# PROBLEM TO SOLVE
Return the run of lines below that opens with the line containing "Fort Lauderdale Waterfront" and closes with the line containing "Mercedes C 250", keeping each one exact.

# PROVIDED DATA
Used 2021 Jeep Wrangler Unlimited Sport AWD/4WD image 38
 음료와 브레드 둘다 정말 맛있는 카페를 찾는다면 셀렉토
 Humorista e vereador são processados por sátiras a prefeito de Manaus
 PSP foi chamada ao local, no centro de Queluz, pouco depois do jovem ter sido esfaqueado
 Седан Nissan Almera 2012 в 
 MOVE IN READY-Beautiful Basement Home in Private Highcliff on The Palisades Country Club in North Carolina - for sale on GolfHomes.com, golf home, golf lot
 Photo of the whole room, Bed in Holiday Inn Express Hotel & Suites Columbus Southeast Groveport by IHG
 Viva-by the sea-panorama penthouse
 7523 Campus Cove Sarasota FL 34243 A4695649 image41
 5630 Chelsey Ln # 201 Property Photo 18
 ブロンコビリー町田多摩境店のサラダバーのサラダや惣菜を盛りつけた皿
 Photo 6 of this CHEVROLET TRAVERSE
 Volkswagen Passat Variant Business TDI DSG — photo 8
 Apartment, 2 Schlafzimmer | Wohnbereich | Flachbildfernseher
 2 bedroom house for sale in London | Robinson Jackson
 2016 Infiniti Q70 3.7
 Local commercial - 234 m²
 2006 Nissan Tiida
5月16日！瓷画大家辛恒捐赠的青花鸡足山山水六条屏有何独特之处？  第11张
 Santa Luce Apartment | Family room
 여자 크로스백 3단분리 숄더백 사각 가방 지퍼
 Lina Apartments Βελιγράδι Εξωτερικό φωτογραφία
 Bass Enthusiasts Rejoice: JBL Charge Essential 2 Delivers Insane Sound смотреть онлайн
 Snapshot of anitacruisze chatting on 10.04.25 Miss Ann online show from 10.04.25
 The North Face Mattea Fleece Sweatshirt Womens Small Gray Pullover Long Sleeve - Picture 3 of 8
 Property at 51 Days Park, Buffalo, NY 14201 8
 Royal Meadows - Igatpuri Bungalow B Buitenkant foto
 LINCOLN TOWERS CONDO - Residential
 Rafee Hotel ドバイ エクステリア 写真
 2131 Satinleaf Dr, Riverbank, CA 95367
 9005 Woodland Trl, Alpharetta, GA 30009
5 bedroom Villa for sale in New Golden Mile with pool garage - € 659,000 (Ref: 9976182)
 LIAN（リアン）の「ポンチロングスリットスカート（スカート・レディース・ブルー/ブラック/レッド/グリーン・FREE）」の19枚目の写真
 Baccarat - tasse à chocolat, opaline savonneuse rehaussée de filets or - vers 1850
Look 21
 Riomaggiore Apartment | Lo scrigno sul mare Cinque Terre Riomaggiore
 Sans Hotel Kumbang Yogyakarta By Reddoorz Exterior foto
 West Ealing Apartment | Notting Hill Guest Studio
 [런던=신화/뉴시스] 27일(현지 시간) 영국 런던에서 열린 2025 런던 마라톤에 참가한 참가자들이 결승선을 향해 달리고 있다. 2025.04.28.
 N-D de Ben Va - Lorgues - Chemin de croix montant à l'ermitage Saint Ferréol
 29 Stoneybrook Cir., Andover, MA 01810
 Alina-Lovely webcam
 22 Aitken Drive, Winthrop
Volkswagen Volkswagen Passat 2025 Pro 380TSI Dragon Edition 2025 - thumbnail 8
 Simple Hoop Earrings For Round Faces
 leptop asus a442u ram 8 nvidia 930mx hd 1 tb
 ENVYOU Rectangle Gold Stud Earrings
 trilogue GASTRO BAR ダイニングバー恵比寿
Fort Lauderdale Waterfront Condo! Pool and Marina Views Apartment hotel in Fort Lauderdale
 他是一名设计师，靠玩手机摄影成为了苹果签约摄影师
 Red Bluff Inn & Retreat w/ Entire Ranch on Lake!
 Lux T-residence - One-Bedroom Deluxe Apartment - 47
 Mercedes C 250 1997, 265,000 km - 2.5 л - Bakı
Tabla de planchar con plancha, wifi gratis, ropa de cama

# RESULT FOR THIS EXERCISE
Fort Lauderdale Waterfront Condo! Pool and Marina Views Apartment hotel in Fort Lauderdale
 他是一名设计师，靠玩手机摄影成为了苹果签约摄影师
 Red Bluff Inn & Retreat w/ Entire Ranch on Lake!
 Lux T-residence - One-Bedroom Deluxe Apartment - 47
 Mercedes C 250 1997, 265,000 km - 2.5 л - Bakı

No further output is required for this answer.